Certo, sono cose che si dicono ma che non si pensano. Non si sa se la letteratura possa salvare qualcosa nella vita di una creatura, ma di sicuro non può salvare tutti, non può salvare il pianeta, salvarci dall’estinzione. Come fa. Come può essere che un sistema fatto di parole, un’orditura di finzioni, un apparato di simulazioni, possa assumere un compito e una responsabilità di tale importanza. Come fa.
Però, a volte la speranza può anche nutrirsi di illusioni. Così ci si dice che se la letteratura è in grado di modificare i modi di pensare e, soprattutto, di formare nuove coscienze e nuove sensibilità, forse quell’illusione può anche diventare una condizione di realtà. Forse la letteratura può davvero intervenire sui destini dell’umanità, salvarci dal disastro irrimediabile, dall’autodistruzione, dall’annientamento dell’umano. Forse davvero può. Ma a condizione che in ogni contesto e in ogni situazione, in particolare nei luoghi della formazione, si attribuisca a quel sistema di parole un significato diverso, nuovo: anzi, antico: che consiste nella ricerca e nella scoperta di quelle che sono le cose essenziali che coinvolgono l’esistenza. Queste cose essenziali, la letteratura le nasconde nelle storie che racconta, le fa scorrere nelle domande sul principio e sulla fine, sul nostro appartenere a qualcosa, a qualcuno, sulla nostra relazione con noi stessi, con l’Altro. La letteratura può ancora (forse) intervenire sui destini dell’umano se si riconosce che la finzione che sostanzia la sua natura costituisce una rappresentazione della realtà che si può determinare.
Le nuove sensibilità maturano attraverso la combinazione tra le espressioni della memoria e l’analisi delle prospettive.

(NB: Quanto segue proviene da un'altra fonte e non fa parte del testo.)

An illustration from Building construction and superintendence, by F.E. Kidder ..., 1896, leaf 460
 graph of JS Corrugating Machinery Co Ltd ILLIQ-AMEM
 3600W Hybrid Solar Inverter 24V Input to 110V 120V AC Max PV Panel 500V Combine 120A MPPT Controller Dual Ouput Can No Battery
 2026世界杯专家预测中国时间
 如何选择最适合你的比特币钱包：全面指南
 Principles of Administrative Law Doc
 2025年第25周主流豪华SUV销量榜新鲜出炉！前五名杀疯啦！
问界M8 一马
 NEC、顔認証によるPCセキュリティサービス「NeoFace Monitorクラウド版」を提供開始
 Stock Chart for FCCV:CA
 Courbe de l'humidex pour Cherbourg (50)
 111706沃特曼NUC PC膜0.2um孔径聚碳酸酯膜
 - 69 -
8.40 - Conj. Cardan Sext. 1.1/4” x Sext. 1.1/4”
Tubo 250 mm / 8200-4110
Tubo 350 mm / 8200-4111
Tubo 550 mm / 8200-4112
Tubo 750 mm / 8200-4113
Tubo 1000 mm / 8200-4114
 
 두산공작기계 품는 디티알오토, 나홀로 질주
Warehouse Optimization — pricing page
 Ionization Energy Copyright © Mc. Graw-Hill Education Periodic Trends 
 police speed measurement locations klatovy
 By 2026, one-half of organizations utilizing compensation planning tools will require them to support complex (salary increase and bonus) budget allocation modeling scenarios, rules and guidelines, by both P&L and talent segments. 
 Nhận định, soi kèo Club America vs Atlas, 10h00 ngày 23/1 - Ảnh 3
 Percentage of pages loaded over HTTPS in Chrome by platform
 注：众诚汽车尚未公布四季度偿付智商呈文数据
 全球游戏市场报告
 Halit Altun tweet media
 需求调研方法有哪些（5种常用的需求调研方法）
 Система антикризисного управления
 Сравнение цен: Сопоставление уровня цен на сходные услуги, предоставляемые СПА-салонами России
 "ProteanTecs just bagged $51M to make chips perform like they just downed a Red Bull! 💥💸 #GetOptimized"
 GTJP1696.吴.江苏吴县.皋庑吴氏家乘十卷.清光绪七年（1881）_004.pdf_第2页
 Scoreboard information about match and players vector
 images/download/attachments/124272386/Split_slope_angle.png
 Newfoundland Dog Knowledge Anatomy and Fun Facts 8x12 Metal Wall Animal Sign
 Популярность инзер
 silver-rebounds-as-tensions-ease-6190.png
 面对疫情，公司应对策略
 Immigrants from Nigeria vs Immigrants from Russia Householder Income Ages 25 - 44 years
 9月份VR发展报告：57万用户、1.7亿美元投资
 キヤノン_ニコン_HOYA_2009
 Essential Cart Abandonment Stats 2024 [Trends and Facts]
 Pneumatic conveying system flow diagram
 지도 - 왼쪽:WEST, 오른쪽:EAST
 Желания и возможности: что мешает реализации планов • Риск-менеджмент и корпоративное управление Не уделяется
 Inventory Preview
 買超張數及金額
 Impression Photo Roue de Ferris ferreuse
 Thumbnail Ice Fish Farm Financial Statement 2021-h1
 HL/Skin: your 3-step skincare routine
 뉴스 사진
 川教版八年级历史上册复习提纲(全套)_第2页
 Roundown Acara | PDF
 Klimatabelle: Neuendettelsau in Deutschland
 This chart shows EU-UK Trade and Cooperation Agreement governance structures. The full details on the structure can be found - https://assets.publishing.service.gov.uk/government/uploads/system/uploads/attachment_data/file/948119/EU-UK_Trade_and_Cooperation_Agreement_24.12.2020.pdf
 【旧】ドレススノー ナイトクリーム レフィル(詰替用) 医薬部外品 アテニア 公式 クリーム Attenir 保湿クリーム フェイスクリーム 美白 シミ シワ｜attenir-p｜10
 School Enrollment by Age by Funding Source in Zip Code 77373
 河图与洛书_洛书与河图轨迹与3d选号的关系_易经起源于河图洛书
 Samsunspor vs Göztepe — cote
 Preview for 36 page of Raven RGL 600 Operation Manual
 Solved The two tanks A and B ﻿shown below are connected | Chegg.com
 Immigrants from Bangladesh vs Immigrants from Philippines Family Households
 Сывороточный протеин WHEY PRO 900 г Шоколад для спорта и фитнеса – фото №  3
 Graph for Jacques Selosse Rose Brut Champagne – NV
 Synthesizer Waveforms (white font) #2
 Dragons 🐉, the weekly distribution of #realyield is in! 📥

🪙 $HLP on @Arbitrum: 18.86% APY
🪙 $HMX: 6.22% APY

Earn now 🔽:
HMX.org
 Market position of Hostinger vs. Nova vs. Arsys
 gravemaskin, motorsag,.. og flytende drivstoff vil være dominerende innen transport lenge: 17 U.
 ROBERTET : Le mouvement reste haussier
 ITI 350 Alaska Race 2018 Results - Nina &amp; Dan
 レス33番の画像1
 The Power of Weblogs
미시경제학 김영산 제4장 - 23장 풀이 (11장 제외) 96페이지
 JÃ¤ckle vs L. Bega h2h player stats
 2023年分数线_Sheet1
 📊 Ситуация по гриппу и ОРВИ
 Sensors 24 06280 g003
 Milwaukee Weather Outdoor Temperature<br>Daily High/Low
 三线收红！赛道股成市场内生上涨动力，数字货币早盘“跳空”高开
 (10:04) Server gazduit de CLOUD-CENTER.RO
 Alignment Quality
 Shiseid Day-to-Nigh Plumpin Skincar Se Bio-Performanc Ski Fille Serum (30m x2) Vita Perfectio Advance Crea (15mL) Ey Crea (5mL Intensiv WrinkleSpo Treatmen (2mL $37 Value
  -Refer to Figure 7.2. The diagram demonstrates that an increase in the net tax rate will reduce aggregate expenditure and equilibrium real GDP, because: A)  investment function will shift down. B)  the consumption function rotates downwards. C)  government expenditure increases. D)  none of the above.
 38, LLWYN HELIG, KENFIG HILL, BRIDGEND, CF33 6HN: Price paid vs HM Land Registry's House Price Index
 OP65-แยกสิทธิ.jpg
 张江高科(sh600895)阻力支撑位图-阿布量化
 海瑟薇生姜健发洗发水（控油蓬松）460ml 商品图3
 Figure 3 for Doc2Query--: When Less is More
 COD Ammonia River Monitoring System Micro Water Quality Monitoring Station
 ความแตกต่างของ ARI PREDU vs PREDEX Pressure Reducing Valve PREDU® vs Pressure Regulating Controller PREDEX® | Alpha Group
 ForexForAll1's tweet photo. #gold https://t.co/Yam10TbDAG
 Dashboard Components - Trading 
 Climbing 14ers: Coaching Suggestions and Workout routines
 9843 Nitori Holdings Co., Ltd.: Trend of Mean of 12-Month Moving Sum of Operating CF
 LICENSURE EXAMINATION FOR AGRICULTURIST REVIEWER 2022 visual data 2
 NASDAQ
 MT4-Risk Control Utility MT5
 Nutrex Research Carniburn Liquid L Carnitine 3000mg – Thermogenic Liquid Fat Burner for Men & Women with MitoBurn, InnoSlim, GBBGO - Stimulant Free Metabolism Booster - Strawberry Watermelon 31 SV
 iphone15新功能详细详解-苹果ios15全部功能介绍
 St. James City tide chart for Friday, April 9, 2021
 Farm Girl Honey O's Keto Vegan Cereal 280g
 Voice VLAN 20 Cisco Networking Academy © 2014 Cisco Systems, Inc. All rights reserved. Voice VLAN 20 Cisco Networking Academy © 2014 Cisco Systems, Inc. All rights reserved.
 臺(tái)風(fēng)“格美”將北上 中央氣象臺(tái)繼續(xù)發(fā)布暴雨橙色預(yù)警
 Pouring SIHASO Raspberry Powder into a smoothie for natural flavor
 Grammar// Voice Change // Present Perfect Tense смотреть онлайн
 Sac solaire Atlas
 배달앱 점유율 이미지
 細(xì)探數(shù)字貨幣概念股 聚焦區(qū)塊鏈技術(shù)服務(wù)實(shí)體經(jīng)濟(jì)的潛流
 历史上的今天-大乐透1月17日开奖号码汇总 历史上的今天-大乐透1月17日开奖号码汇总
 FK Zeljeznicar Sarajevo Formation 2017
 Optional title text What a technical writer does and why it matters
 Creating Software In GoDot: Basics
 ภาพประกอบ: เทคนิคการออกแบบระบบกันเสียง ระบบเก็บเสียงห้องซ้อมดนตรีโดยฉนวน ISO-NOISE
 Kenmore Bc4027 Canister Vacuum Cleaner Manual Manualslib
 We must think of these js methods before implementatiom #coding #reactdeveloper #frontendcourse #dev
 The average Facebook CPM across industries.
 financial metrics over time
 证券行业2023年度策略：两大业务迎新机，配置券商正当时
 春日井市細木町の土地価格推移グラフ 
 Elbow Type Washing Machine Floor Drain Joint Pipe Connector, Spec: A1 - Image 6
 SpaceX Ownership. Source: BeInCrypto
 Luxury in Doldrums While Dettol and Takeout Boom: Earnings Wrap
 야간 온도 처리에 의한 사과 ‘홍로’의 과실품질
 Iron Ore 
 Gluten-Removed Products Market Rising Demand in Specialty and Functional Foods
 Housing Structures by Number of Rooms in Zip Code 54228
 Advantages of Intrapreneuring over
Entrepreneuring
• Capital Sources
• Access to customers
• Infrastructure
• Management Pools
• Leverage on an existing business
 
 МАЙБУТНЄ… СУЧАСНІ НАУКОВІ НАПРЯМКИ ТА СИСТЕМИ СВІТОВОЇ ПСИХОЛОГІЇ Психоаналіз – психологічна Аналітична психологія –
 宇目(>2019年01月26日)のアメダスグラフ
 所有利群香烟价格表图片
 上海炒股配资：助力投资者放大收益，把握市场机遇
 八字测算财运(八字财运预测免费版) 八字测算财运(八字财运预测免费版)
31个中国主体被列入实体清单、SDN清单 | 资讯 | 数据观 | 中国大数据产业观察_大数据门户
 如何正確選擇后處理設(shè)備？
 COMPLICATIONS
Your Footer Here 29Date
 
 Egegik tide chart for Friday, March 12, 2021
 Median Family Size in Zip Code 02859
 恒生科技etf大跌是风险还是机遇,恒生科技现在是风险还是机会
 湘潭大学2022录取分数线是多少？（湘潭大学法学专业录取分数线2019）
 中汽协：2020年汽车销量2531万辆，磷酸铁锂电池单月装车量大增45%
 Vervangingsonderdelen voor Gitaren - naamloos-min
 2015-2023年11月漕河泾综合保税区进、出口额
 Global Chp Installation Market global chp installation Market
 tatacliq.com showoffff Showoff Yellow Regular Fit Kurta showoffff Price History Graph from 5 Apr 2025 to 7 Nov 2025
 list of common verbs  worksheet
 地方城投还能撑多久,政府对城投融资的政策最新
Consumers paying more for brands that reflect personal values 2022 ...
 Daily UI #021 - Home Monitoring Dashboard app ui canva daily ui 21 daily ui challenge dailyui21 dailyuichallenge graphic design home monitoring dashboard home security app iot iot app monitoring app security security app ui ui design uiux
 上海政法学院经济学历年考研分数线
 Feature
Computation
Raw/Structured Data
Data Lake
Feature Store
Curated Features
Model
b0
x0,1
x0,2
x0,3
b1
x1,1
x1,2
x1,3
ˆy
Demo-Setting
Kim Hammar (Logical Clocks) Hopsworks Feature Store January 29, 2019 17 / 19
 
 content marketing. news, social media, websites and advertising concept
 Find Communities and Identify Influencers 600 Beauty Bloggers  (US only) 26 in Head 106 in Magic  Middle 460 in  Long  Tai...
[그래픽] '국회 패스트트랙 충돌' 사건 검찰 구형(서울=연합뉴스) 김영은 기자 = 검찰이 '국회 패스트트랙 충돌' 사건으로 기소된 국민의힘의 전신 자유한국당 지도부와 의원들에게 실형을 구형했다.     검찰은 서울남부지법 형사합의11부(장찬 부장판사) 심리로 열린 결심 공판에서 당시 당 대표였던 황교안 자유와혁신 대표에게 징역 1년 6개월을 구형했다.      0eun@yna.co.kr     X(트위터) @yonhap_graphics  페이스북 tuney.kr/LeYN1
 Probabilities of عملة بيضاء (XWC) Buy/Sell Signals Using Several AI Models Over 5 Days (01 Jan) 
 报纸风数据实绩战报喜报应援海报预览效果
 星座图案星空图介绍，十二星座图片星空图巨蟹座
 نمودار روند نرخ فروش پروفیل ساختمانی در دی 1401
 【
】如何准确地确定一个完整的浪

La letteratura è la testimonianza di questa combinazione. Quasi sempre, o probabilmente sempre, trova le sue ragioni, i suoi motivi, i moventi, i presupposti, i pretesti, sui fondali della memoria, ma poi esplicitamente o implicitamente proietta i suoi significati sugli scenari che si profilano all’orizzonte. Questo insegna la letteratura: a vedere oltre mentre si indaga il passato o si osserva il presente, a trasferire i significati in situazioni diverse, a comprendere oggi quello che può succedere domani, o quantomeno a presentirlo, ad intuirlo, a immaginarlo, agevolandolo quando quello che può succedere porta bene, a trovare modi per evitarlo quando porta male. E’ così, con questo metodo, con questa forma di educazione alla previsione, che la letteratura può salvarci la vita, mettere al riparo la terra, scongiurare il pericolo dell’estinzione. Ma il tempo che abbiamo non è molto. Trent’anni, giorno più giorno meno. Allora dobbiamo fare davvero molto in fretta se non si vuole che si faccia troppo tardi. Trent’anni sono un niente nelle faccende del mondo.